Generations before Rosa Parks kept her seat, before Bloody Sunday on the Edmund Pettus Bridge, and before the sit-ins and hoses and the long march to Washington, Atlanta, Georgia, sat at the cusp between post-Civil War Reconstruction and the struggle for civil rights in the South and all of America. 

The Year:         

1895. Just thirty years after the end of slavery in the U.S. 

The Setting:         

The Cotton States and International Exposition. Later to become Atlanta’s Piedmont Park. 

The Event:    

Booker T. Washington’s Speech on Opening Day Later to be labeled the “Atlanta Compromise.” 

The Place:       

The Negro Building. Atlanta’s forgotten civil rights landmark. 

 The Negro Building, one of the pavilions at the Cotton States and International Exposition in Atlanta, marked the first time southern, national and global audiences, both black and white, witnessed the work and progress of African Americans, in their own building, since Emancipation only 30 years before.  

Many people, both black and white, believed Booker T. Washington’s speech, delivered on opening day of the Cotton States Exposition, had resolved the so-called “Negro Problem,” with his pragmatic statement: “separate as the fingers but one as the hand in all things.” This was the proof that the New South was a progressive region free from slavery and oppression. Countering the national praise for Washington’s speech were the black press and clergymen, who argued that the speech was accommodating to continued white supremacy, and the rise of Jim Crow. 

But it was the Negro Building and its exhibits, speeches, and conferences during the Cotton States Exposition that stimulated debates that began, what Mabel O. Wilson, author of Negro Building: Black Americans in the World of Fairs and Museums, calls a “black counterpublic.” Although the Cotton States Exposition and the Negro Building existed only for three months in the fall of 1895, the building and this  “black counter-public” that surrounded it, form the early beginnings of America’s civil rights struggles.  

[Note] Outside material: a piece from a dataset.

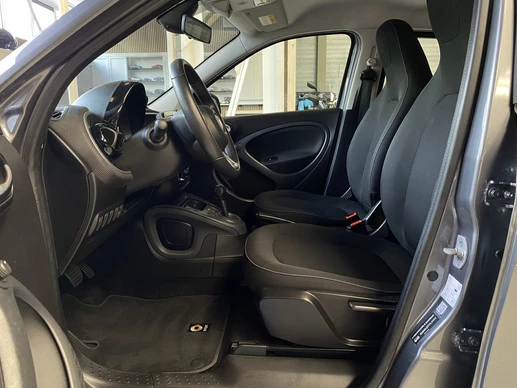 smart Forfour - Afbeelding 24 van 24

Booker T. Washington’s “Atlanta Compromise” speech, well known as one of the most important and controversial speeches in American history, overshadowed the events that took place in and around the Negro Building during the fall of 1895. If Washington’s speech was to solve the post-slavery “Negro Problem,” then Southern business leaders, politicians and newspapermen could ignore the Negro Building. And they did. If the Cotton States and International Exposition set the stage for the emergence of a “New South,” then the Negro Building  could be forgotten. And it was. When the site of the Exposition became Piedmont Park, to become Atlanta’s most important public space, the Negro Building and its site was erased from memory. Today, a few historians and some friends of Piedmont Park remember the Negro Building, but even most of them do not know its location in Piedmont Park

It is time to commemorate the Negro Building as an important part of the long struggles for civil rights in Atlanta and in America. The time is now. 

The Negro Building Remembrance Competition aims to do just that -- to bring the Negro Building into public memory in bold, imaginative and provocative ways.  The Competition is looking for ideas from diverse disciplines, media and sources of of inspiration. As competitors craft their proposals, they should consider the former site of the Negro Building, the building itself, its exhibits and conferences, the historical context of Atlanta and the South, and the struggles for civil and human rights in America. 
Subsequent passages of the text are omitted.